### TASK ITEM
Give the entries again exactly, without pictures.

Records from a data source
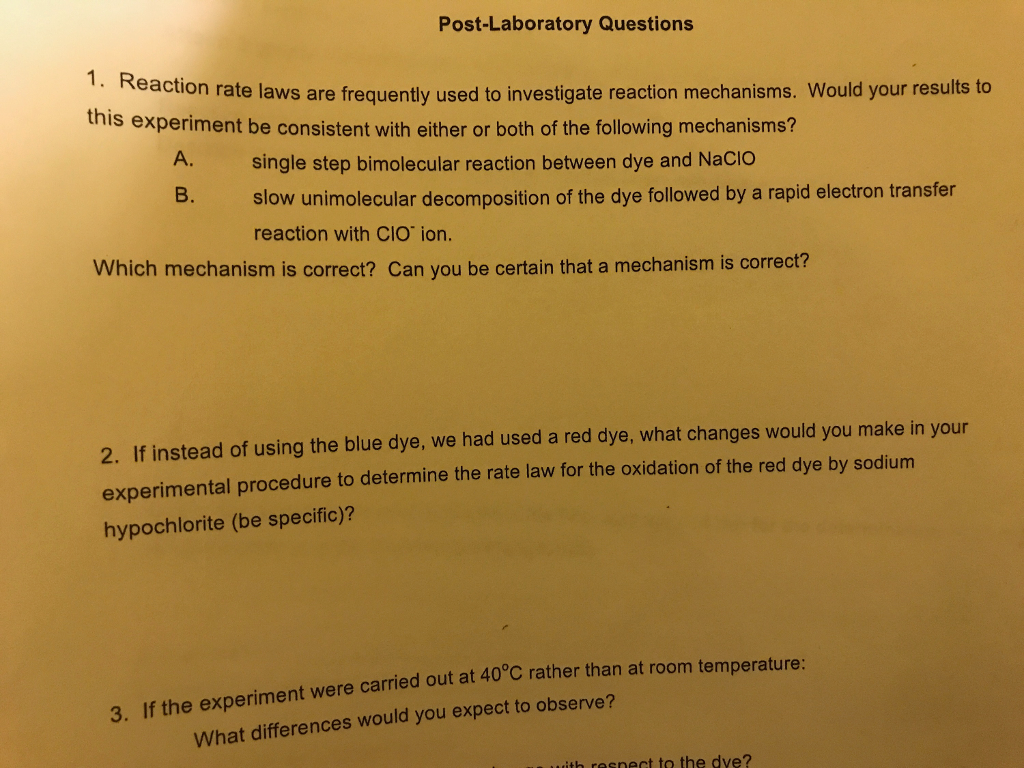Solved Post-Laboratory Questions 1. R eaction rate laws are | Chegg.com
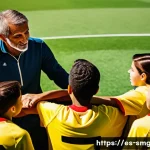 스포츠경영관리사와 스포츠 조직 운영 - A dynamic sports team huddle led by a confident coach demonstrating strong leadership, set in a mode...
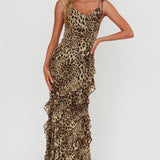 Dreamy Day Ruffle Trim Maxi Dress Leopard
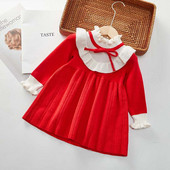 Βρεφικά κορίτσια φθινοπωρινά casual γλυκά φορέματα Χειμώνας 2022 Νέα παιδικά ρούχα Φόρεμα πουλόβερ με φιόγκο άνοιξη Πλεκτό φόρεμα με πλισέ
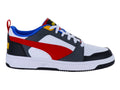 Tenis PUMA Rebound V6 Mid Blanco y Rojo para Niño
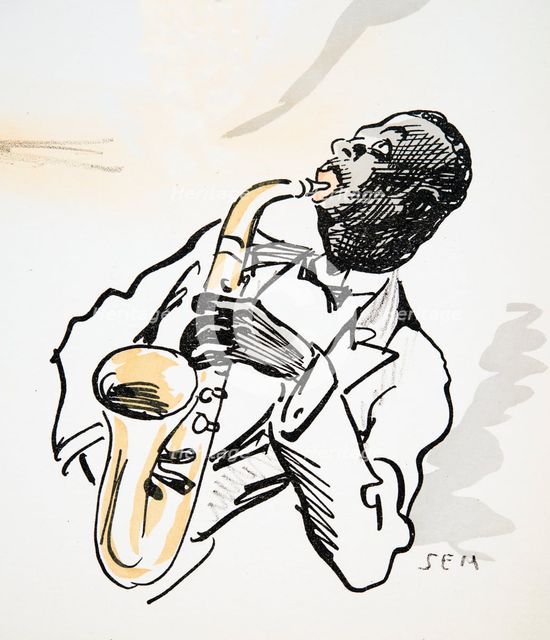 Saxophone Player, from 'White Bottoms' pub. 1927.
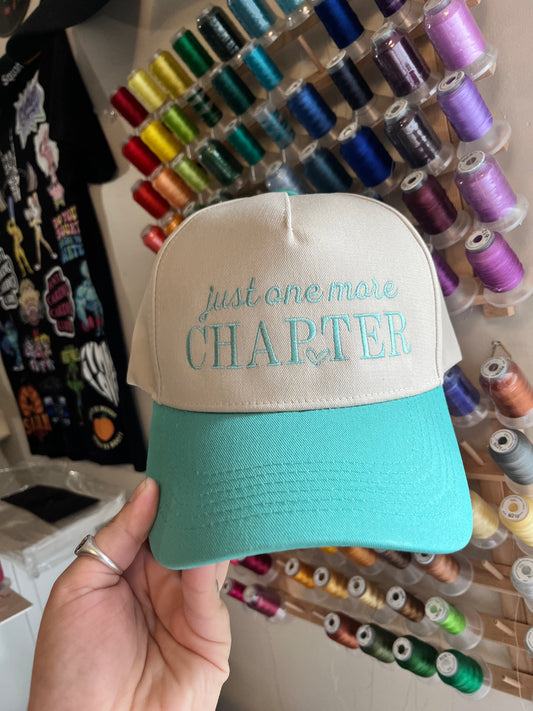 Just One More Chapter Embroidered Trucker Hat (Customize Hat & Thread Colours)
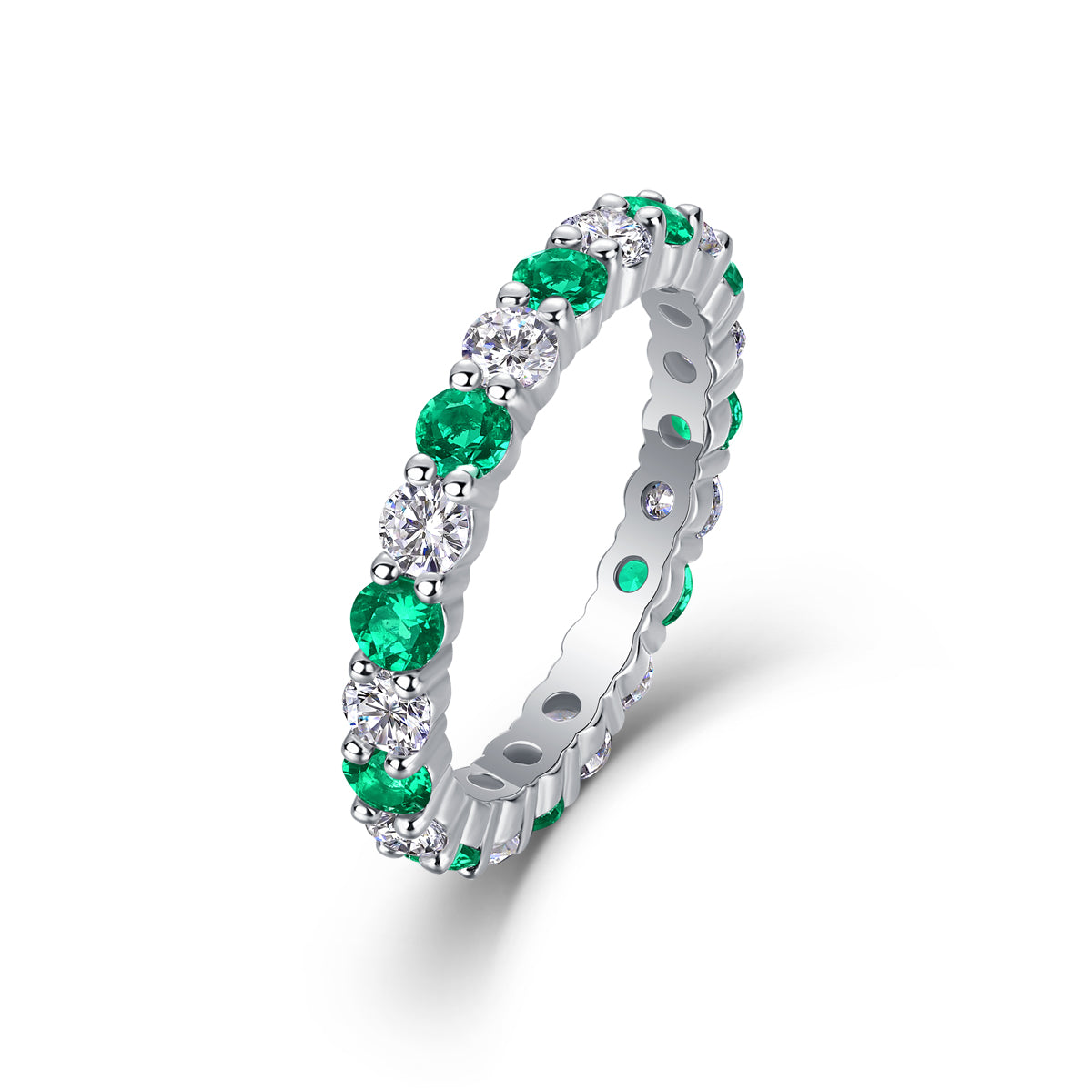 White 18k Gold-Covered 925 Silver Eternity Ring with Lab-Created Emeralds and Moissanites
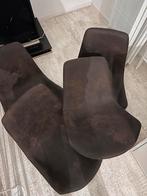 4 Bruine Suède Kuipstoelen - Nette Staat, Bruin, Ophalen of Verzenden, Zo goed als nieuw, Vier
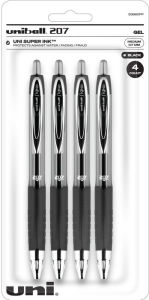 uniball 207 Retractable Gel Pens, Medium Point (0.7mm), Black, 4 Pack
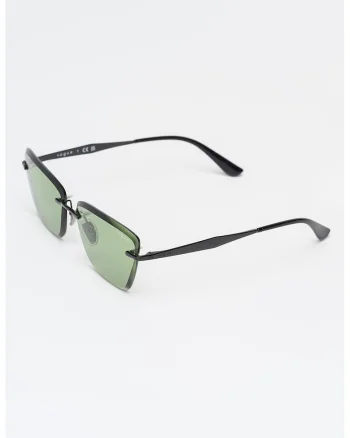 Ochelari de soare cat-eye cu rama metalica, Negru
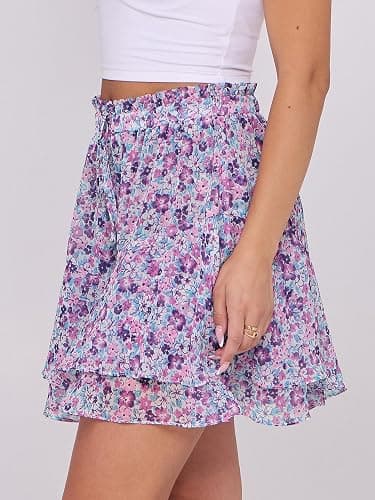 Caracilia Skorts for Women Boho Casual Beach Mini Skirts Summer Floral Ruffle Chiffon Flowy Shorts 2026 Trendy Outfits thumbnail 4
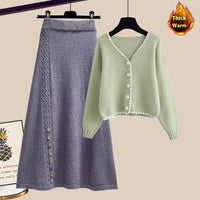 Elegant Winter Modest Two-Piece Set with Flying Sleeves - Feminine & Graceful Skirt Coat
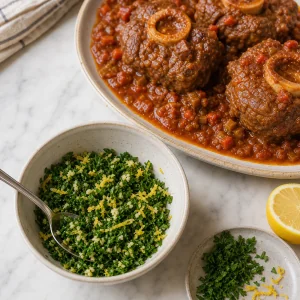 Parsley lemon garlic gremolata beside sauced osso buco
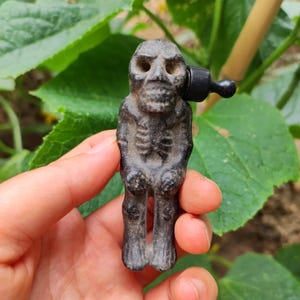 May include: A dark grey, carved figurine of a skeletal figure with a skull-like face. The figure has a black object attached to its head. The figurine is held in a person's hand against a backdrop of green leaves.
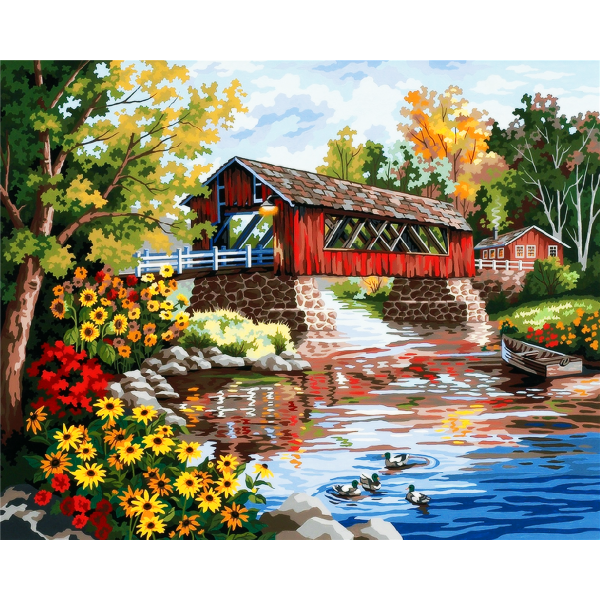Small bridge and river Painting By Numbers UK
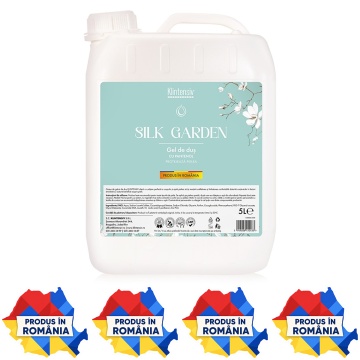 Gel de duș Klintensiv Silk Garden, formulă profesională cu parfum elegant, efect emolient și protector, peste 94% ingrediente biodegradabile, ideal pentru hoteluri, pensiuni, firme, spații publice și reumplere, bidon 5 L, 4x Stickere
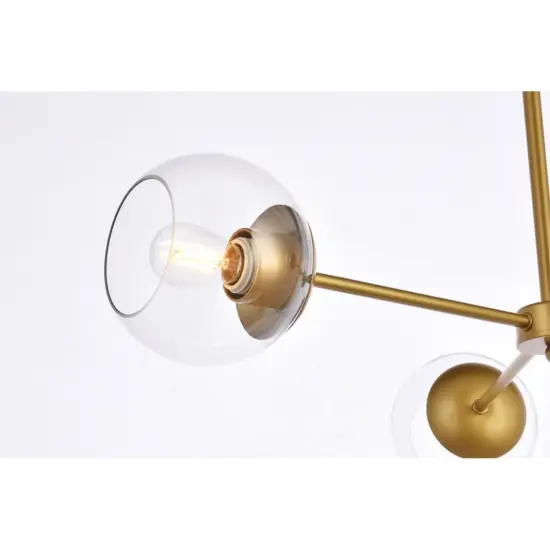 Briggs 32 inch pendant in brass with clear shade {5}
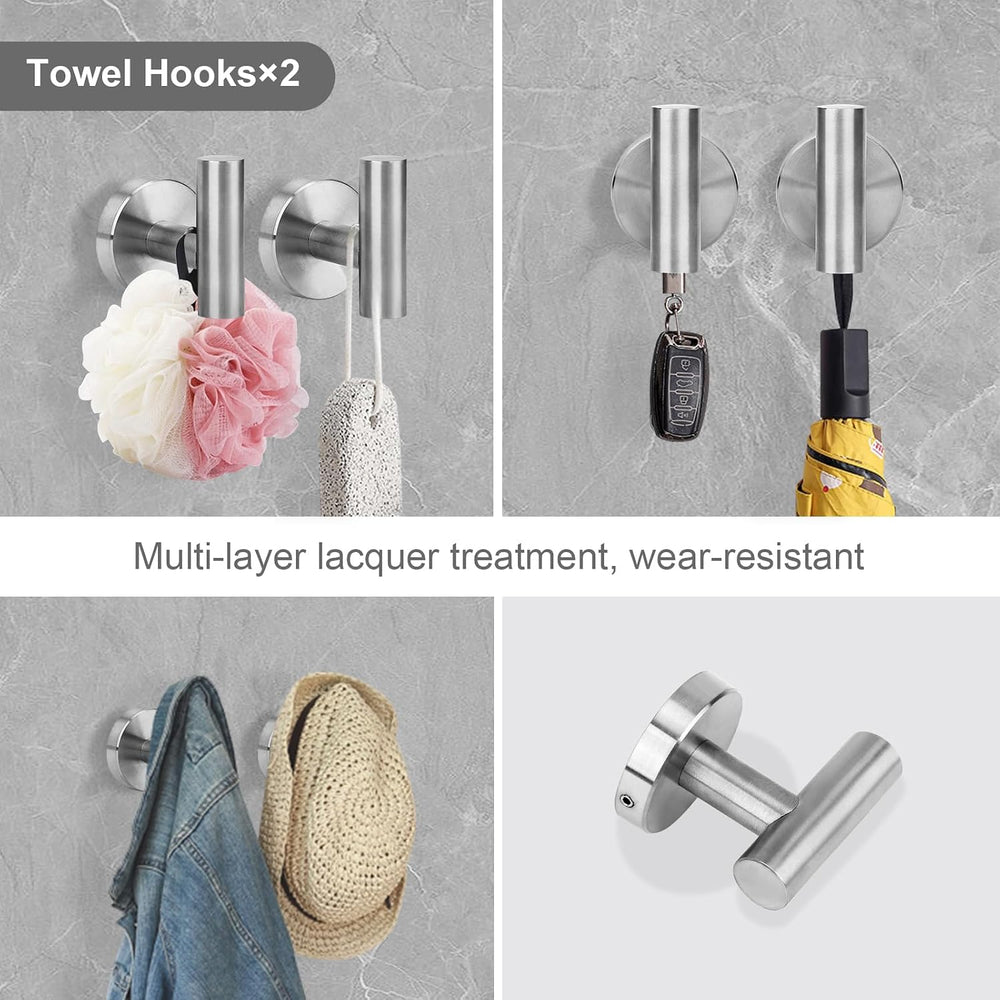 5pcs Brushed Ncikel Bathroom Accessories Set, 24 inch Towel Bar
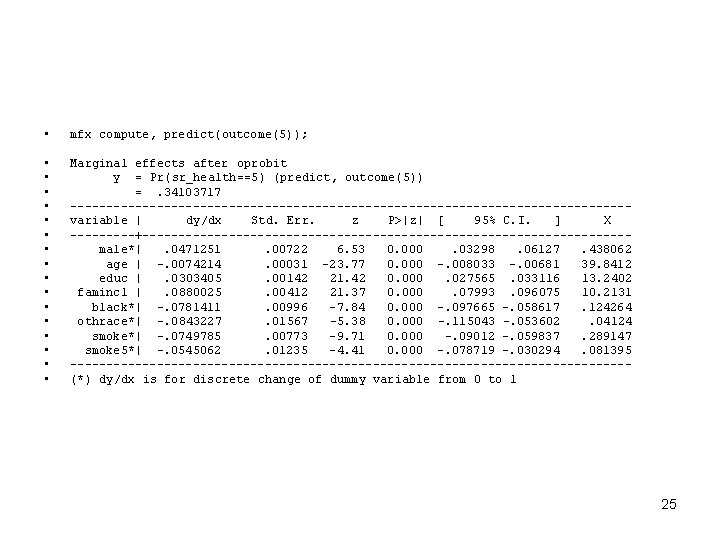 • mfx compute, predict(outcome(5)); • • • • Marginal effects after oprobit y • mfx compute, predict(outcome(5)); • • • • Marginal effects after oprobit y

### ANSWER BOX
Solved Post-Laboratory Questions 1. R eaction rate laws are | Chegg.com
 스포츠경영관리사와 스포츠 조직 운영 - A dynamic sports team huddle led by a confident coach demonstrating strong leadership, set in a mode...
 Dreamy Day Ruffle Trim Maxi Dress Leopard
 Βρεφικά κορίτσια φθινοπωρινά casual γλυκά φορέματα Χειμώνας 2022 Νέα παιδικά ρούχα Φόρεμα πουλόβερ με φιόγκο άνοιξη Πλεκτό φόρεμα με πλισέ
 Tenis PUMA Rebound V6 Mid Blanco y Rojo para Niño
 Saxophone Player, from 'White Bottoms' pub. 1927.
 Just One More Chapter Embroidered Trucker Hat (Customize Hat & Thread Colours)
 White 18k Gold-Covered 925 Silver Eternity Ring with Lab-Created Emeralds and Moissanites
 4 Bruine Suède Kuipstoelen - Nette Staat, Bruin, Ophalen of Verzenden, Zo goed als nieuw, Vier
 uniball 207 Retractable Gel Pens, Medium Point (0.7mm), Black, 4 Pack
 Ochelari de soare cat-eye cu rama metalica, Negru
 Caracilia Skorts for Women Boho Casual Beach Mini Skirts Summer Floral Ruffle Chiffon Flowy Shorts 2026 Trendy Outfits thumbnail 4
 Elegant Winter Modest Two-Piece Set with Flying Sleeves - Feminine & Graceful Skirt Coat
 Parsley lemon garlic gremolata beside sauced osso buco
 May include: A dark grey, carved figurine of a skeletal figure with a skull-like face. The figure has a black object attached to its head. The figurine is held in a person's hand against a backdrop of green leaves.
Small bridge and river Painting By Numbers UK
 Gel de duș Klintensiv Silk Garden, formulă profesională cu parfum elegant, efect emolient și protector, peste 94% ingrediente biodegradabile, ideal pentru hoteluri, pensiuni, firme, spații publice și reumplere, bidon 5 L, 4x Stickere
 Briggs 32 inch pendant in brass with clear shade {5}
 5pcs Brushed Ncikel Bathroom Accessories Set, 24 inch Towel Bar
 • mfx compute, predict(outcome(5)); • • • • Marginal effects after oprobit y • mfx compute, predict(outcome(5)); • • • • Marginal effects after oprobit y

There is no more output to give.